YOUR TASK
Retype, word for word, every line from the one holding "フルーツトマト(高糖度トマト) フルーツトマト(高糖度トマト)" through the one holding "Herbarium Script font" in the entries below, both included, and only those lines.

MATERIAL SHOWN
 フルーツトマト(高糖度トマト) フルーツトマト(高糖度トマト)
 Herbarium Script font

--

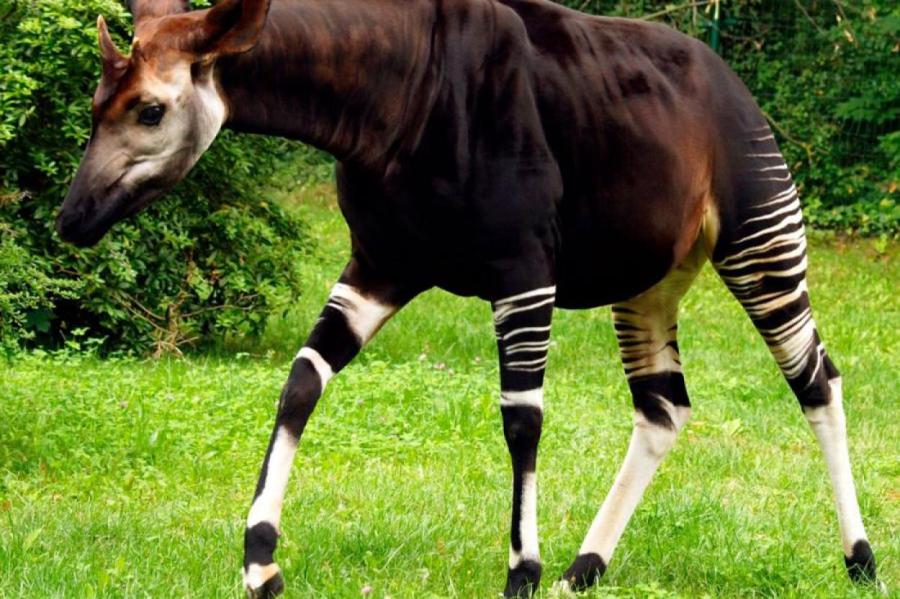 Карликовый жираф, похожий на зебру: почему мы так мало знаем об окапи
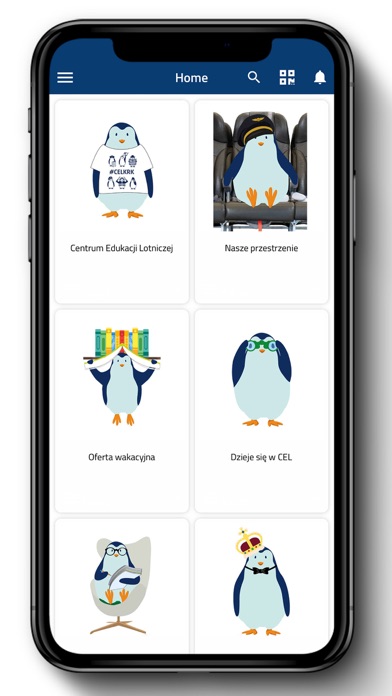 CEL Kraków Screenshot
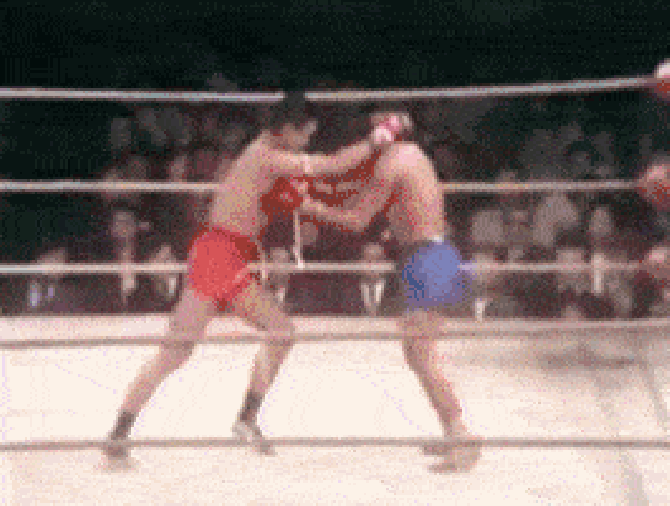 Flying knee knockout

SOLUTION FOR THIS EXERCISE
 フルーツトマト(高糖度トマト) フルーツトマト(高糖度トマト)
 Herbarium Script font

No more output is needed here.